Be aware that external vibrations can affect your aquarium and its inhabitants

Most marine aquarium hobbyists want to provide as naturalistic and stress-free an environment as possible for the fish and other livestock in their care, so they’re careful to maximize water quality, offer nutritious foods, promote compatibility among tankmates, aquascape appropriately, and so on. In other words, they put a lot of thought into what’s going on inside the aquarium. But what about what’s happening outside the tank?

In some cases, very conscientiously maintained aquariums can still contain stressed-out fish because of various external influences that may not even occur to the hobbyist—especially if the tank houses species that are naturally skittish to begin with. Here are four of them off the top of my head:

1) Vibrations

Try this little experiment: Stand on the opposite side of the room from your aquarium and shout, whistle, or clap your hands loudly while observing your fish. Next, stomp your foot on the floor, still keeping an eye on your piscine pets. Very likely, the shout, whistle, or clap had little to no effect on the behavior of your fish but the stomp sent them dashing for cover.
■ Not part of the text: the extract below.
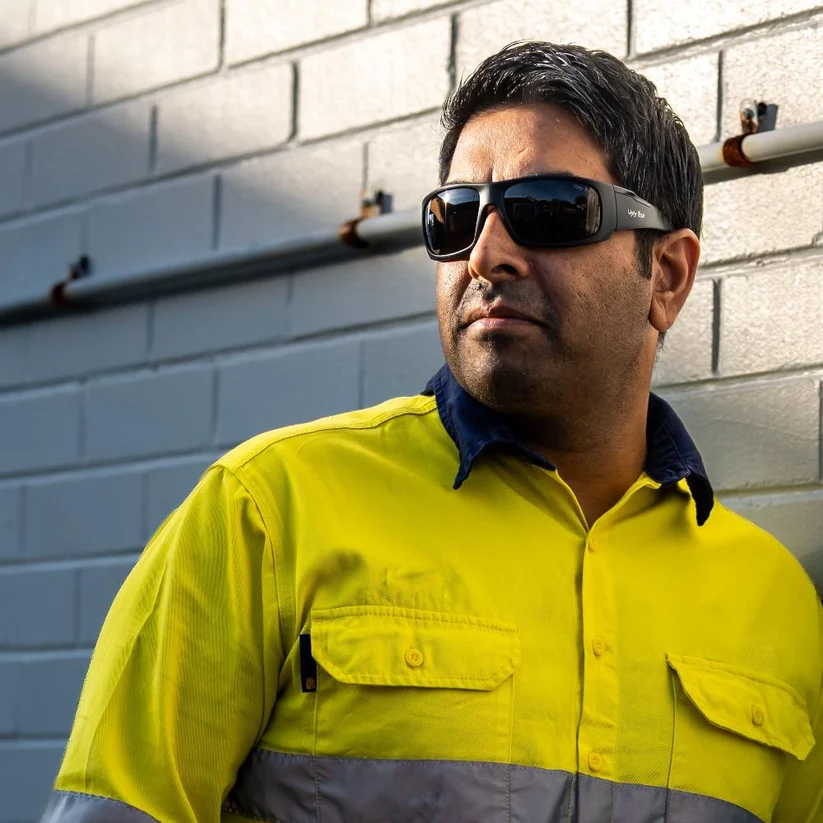 Ugly Fish Polarised Safety Sunglasses - Tradie RSP5001 Matt Black Frame - Image 2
The explanation for this is, higher-pitched sounds produced in the air don’t do a very good job of crossing the air/water interface and, therefore, will tend to go unnoticed by fish. On the other hand, low-frequency vibrations that travel along solid surfaces will definitely be transferred to the aquarium and felt by the fish.
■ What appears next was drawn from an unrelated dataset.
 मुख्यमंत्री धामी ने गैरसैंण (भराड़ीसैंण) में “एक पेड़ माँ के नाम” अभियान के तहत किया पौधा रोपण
While many fish seem to grow accustomed to constant low-level vibrations, such as that produced by a submersible return pump, they’re apt to be stressed by sudden, intermittent vibrations—such as the aforementioned stomp, slamming doors, the thumping bass of stereo speakers, or the infernal revving of your neighbor’s ’72 Chevy Malibu engine.

2) Unnatural room lighting

In nature, fish are subjected to a predictable day/night cycle with very gradually shifting light levels. Suddenly turning on the room lights after the fish have been in total darkness or constantly turning lights on and off can be extremely startling and stressful to fish. Ideally, your aquarium should be situated in a room where this is unlikely to be an issue. Otherwise, you’ll need to be mindful of this stressor and, perhaps, simply leave the room lights on until you’re ready to call it a night yourself.

3) Unpredictable movement

A certain degree of human activity in the vicinity of an aquarium is unavoidable, but excessive motion—especially sudden, erratic movement—is to be avoided. Remember, as far as aquarium fish are concerned, something unfamiliar moving near the tank could be a predator fixing to eat them or a competitor out to take their resources, so they’ll stay in fight-or-flight mode when there’s too much activity nearby.
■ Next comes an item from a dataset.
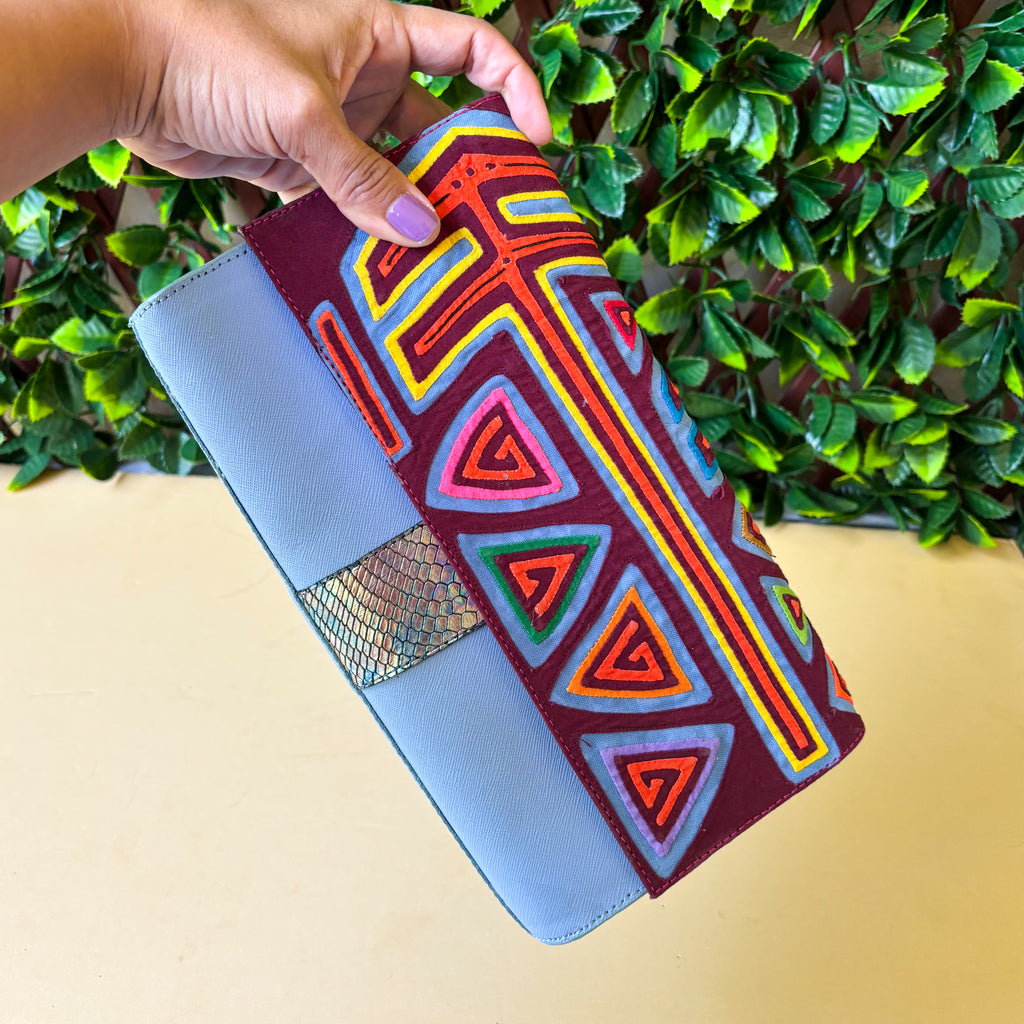 Arrow clutch -Mola Series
4) Fluctuating room temperatures

Today’s submersible aquarium heaters make it pretty easy to set and maintain a desired water temperature, but if the air temperature in the room fluctuates wildly, unacceptable changes may occur in the tank as well. This is most commonly an issue during the warmer seasons in homes lacking central air conditioning. If you encounter this problem, installing either an aquarium chiller or window air-conditioning unit might be in order.

5) Young children

As any parent with an aquarium knows, young children can be guilty of causing many of the stressors mentioned above—stomping around, repeatedly turning lights on and off, slamming doors, tapping on the aquarium glass, chasing fish from one end of the tank to the other, and so forth. Since we don’t want to make our aquariums completely off limits to kids—and since most states forbid the sale of children (as it turns out)—the best option is to establish aquarium “ground rules” for youngsters (no running, fighting, throwing of toys, tormenting of fish, etc.) and supervise them very closely whenever they’re in the vicinity of the tank.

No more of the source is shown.